Problem to solve ▸ Lines from the line with "MHXW SXPN Bamboo" to the line with "Breast Cancer Awareness" in the entries below, and only those, must be output exactly, with both ends included.

Scraped caption text data:
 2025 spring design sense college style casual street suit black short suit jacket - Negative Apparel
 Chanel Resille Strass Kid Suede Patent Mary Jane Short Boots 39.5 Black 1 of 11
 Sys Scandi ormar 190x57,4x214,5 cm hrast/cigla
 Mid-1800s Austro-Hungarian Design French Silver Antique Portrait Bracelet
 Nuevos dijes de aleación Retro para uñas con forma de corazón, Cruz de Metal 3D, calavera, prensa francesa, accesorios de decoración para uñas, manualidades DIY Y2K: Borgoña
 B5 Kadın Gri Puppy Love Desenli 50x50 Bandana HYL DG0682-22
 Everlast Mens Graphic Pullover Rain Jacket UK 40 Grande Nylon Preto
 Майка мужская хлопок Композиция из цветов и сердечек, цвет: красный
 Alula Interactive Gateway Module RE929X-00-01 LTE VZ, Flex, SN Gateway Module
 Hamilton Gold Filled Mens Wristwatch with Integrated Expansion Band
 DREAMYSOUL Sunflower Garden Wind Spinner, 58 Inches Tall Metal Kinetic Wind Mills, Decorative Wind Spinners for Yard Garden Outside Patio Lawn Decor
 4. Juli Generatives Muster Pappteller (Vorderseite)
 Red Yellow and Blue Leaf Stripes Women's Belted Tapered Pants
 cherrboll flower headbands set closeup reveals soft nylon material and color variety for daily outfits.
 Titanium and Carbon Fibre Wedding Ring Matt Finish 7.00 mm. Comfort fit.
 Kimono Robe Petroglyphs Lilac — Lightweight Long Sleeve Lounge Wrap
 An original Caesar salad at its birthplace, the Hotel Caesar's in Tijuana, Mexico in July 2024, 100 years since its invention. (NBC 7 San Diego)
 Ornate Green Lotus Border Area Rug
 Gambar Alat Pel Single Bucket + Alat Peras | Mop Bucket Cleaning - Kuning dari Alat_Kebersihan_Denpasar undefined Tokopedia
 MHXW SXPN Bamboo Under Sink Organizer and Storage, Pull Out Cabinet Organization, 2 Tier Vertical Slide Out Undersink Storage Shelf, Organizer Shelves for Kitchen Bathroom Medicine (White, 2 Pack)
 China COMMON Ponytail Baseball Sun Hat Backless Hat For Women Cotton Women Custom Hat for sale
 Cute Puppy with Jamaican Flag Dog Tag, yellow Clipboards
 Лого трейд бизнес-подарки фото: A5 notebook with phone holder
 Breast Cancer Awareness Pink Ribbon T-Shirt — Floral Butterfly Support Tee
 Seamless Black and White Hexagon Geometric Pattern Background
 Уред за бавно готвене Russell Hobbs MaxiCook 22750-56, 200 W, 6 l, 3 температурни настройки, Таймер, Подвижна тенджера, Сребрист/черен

Exercise response ▸
 MHXW SXPN Bamboo Under Sink Organizer and Storage, Pull Out Cabinet Organization, 2 Tier Vertical Slide Out Undersink Storage Shelf, Organizer Shelves for Kitchen Bathroom Medicine (White, 2 Pack)
 China COMMON Ponytail Baseball Sun Hat Backless Hat For Women Cotton Women Custom Hat for sale
 Cute Puppy with Jamaican Flag Dog Tag, yellow Clipboards
 Лого трейд бизнес-подарки фото: A5 notebook with phone holder
 Breast Cancer Awareness Pink Ribbon T-Shirt — Floral Butterfly Support Tee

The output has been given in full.